U.K. RULING SPOTLIGHTS FRAUD LAWPosted On: Jul. 5, 1998 12:00 AM CST
LONDON -- Judges in London's Court of Appeal are criticizing the U.K. government for failing to implement legislation that would help courts tackle international fraud.
A panel of three Appeal Court judges overturned three of 11 fraud convictions against a marine insurance broker, claiming that they were forced to so because the government had not yet implemented Part 1 of the 1993 Criminal Justice Act.
Failure to introduce that section of the legislation, which is designed to help authorities prosecute cases of fraud that straddle international boundaries, "seriously undermines the role that the courts of England and Wales should be playing in the battle against international fraud," Lord Justice Buxton wrote for the court.
A spokesman from the Assn. of British Insurers also expressed disappointment that the legislation had not been implemented and pointed out that fraud costs the insurance industry huge sums of money.
Despite their complaint, the panel of judges upheld the remaining eight convictions against John Manning and did not reduce the 30-month jail sentence he is now serving for false accounting and forgery.
Prosecutors claimed that Mr. Manning, who ran his own maritime insurance brokerage business from his home in Essex, failed to place insurance premiums for shipowners, obtained coverage for a lower value and arranged coverage with unacceptable insurers.
Mr.
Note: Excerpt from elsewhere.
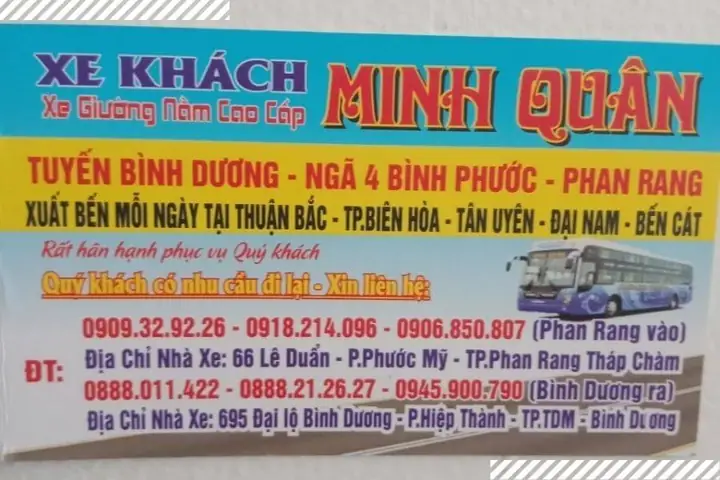 Nhà Xe Minh Quân Ninh Thuận: Tổng Quan Dịch Vụ Và Những Điểm Cần Biết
Manning's lawyers claimed that the court did not have jurisdiction to try charges relating to the procurement of checks because they were signed by a client in Athens, Greece.
Lord Justice Brown agreed with the defendant, noting that while procurement of the checks began with a dishonest scheme conducted in the United Kingdom, the fraud was not actually completed until the client signed the check in Greece and that established law meant that the English courts had no jurisdiction to try these charges.
The judge described the state of the law as "deplorable" and pointed out that if Part 1 of the 5-year-old criminal act had been implemented it would have given the judges jurisdiction.
A spokesman from the government Home Office, which oversees criminal law enforcement, said that the "present government was looking at ways of implementing Part 1 of the legislation" but acknowledged that there was "no timetable yet" for its implementation.